Setelah semua ketentuan yang ada dalam Nota Kesepahaman dipenuhi, selanjutnya ditindaklanjuti dengan perjanjian. Perjanjian ini merupakan pelaksanaan dari Nota Kesepahaman yang ditandatangani di hadapan Sidang Istimewa DPRD Kota Cilegon dan dituangkan dalam bentuk Surat Perjanjian antara Pemerintah Kota Cilegon dengan PT KS Nomor 590/01-HUK/2012 dan Nomor 13/C/DU-KS/KONTR/2012 tentang Pelaksanaan Nota Kesepahaman Antara PT KS (Persero)Tbk dengan Pemkot Cilegon Tentang Percepatan Pelaksanaan Pembangunan Proyek PT Krakatau Posco dan Pembangunan Pelabuhan Pemerintah Kota Cilegon tertanggal 18 Januari 2012. Perjanjian ini, ditandatangani oleh Tb Iman Ariyadi sebagai Walikota Cilegon dan Fazwar Bujang selaku  Direktur Utama PT KS. Adapun yang jadi saksi dan ikut menandatangani yaitu Menteri Perindustrian RI MS Hidayat, Menteri BUMN RI Dahlan Iskan dan Kepala BKPM RI, Gita Wiryawan.
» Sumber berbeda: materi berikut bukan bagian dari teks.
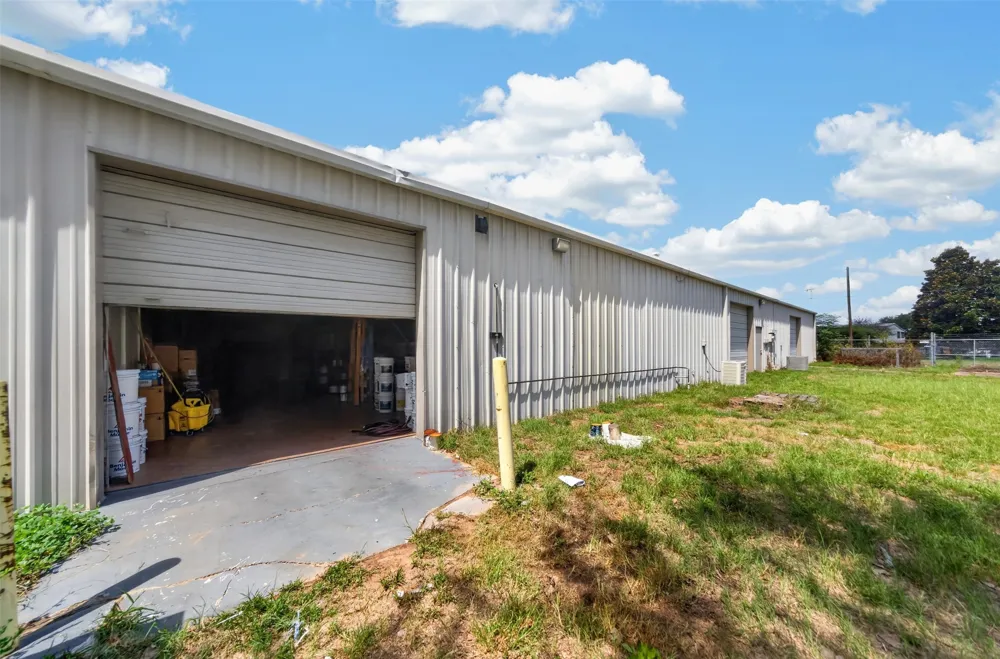908 Palestine Street Athens, TX 75751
Inti dari Perjanjian tersebut antara lain, Pemkot Cilegon mendapat lahan 45 hektare di Warnasari sebagai ganti lahan Kubangsari seluas 66,5 hektare yang diserahkan kepada PT KS. Pemkot Cilegon mendapat penggantian biaya investasi Pembangunan Pelabuhan sebesar Rp.98.510.879.600,- (Sembilan puluh delapan miliar lima ratus sepuluh juta delapan ratus tujuh puluh sembilan ribu enam ratus rupiah). Adanya Pelaksanaan MoU atau Perjanjian tersebut tentu menjadi kebanggaan masyarakat Cilegon sekaligus sebagai titik kulminasi perjuangan tentang lahan Kubangsari dalam arti bahwa semua permasalahan yang memicu konflik berkepanjangan antara PT KS dan Pemkot Cilegon sudah bisa diselesaikan dengan baik dan tidak ada masalah lagi. Di lain pihak niat untuk menggugat BPN-pun tidak jadi dilayangkan.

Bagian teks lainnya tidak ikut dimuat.